Part of the Cycle of Philanthropy

Part of the Cycle of Philanthropy

April 17, 2018

Glenmeadow has been steeped in philanthropy since it opened its doors in 1884.

A group of civic leaders came together then to create the Springfield Home for Aged Women, providing a dignified residence for 16 women in the region who had neither family nor means. We have grown since then—in terms of who we serve, how many we serve and what we offer.

And at our core, we are still a nonprofit that gives back to older adults in Greater Springfield.

In the past decade or so, we have grown from a life plan community that serves 40 people each year to one that provides a place to call home as well as a range of services for roughly 500 individuals on our Longmeadow campus and throughout the region.

Financial gifts and bequests over the years have allowed us to grow and continue to operate from a philanthropic center. But there are times when we also must ask for support. It’s part of what we see as our cycle of giving.

It is support from donors who value our commitment to older adults that allows us to grow, expand, and make enhancements to our programs and services.

With this in mind, we would like to let you know that the sixth annual Valley Gives Day is coming on May 1, and we hope that you will consider giving to those nonprofits in the region that you consider to be transformative. We hope that you keep Glenmeadow top of mind.

The Community Foundation of Western Massachusetts is the sponsor for Valley Gives Day, a 24-hour, online giving event for nonprofits in the Pioneer Valley.

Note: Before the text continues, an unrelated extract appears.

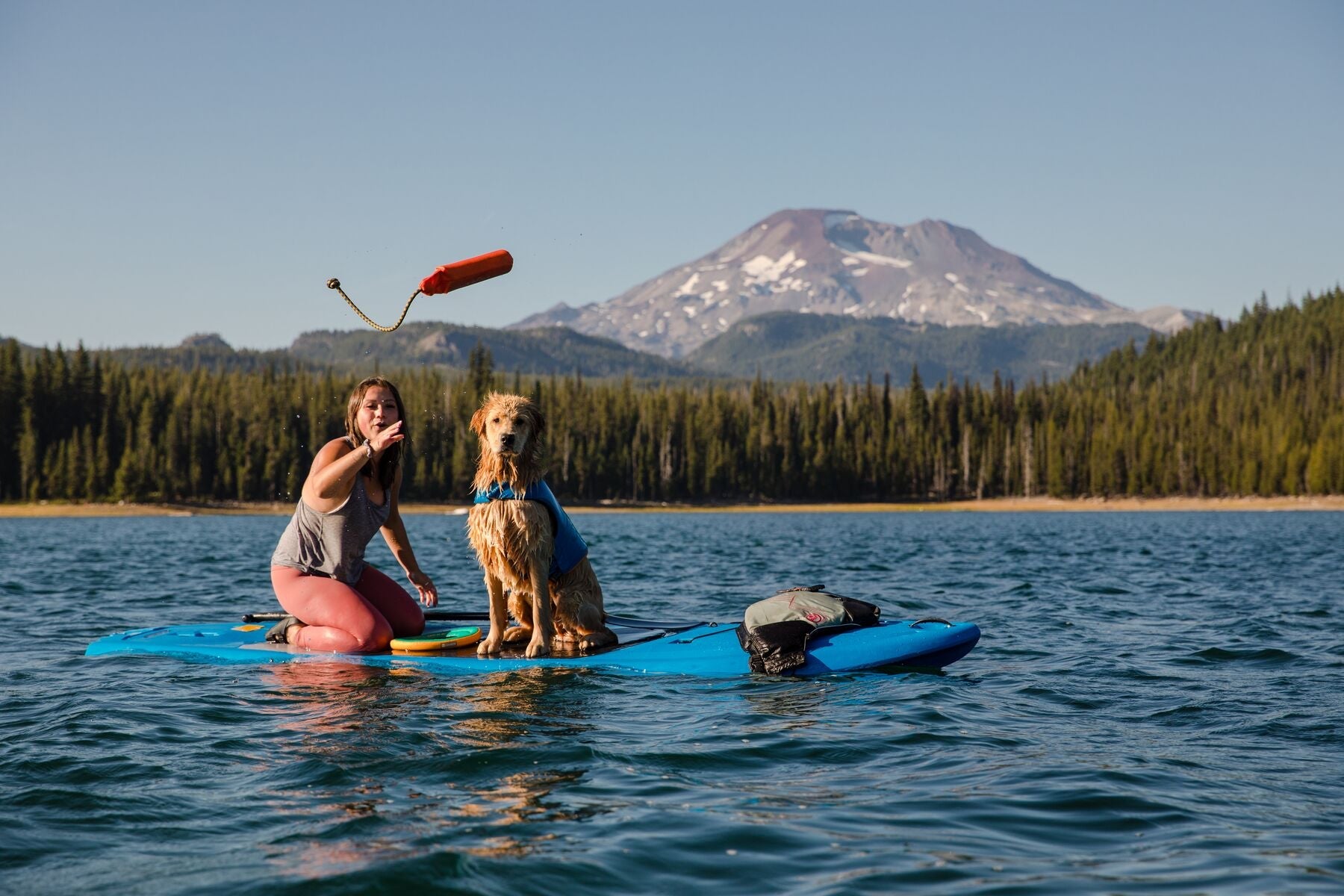 Lunker® Foam Water Toy for Dogs - Purple Orchid | Ruffwear® - Perfect for Pool, Beach & Outdoor Play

All you need do is go to our Valley Gives page, and you can make a gift to help us fund the work that is bolstering older adults.

There are many ways in which we will make your gift count.

We continue to provide a scholarship program—a safety net of sorts—for residents who outlive their assets, so that they can continue to stay in the place they call home. We also have a Staff Education Fund, through which we support employees who want to go back to school or take a class to enhance their careers or feed their minds.

And now, as part of a strategic goal to enhance our commitment to people in the community with Alzheimer’s or another dementia, and their families, we have developed new services to help us live into that promise.

“We are aware of the increasing number of people in the community whose lives are touched in some way by dementia,” Anne Thomas, our president and CEO, says. “We want to help them access support. We also want to reduce the stigma they experience. We want to help people understand dementia and walk toward those who need help—not away.”

Earlier this year, we partnered with the Longmeadow Adult Center, JGS Lifecare, and the Alzheimer’s Association to create Dementia Friendly Longmeadow. Through this initiative, throughout the year, we will take part in offering resources and education to professionals and area residents alike.

“We want to create empathy,” Anne says. “We want to be part of a system that offers compassion.”

As part of Dementia Friendly Longmeadow, we have offered once thus far—and will offer again—the Dementia Tour, an educational tool that allows people to experience what it is like to live with dementia.

Finally, we also have launched in the past year our Caregivers Support Group for both professionals and family members who are assisting someone with Alzheimer’s disease or another type of dementia.

Meetings are held at our life plan community at 24 Tabor Crossing twice per month on the first Tuesday from 5:30 to 7 p.m. and the third Thursday from noon to 1 p.m.

We hope if you or your family are touched by dementia, you will reach to us for help.

And we likewise hope that you will reach to us to support us in this work.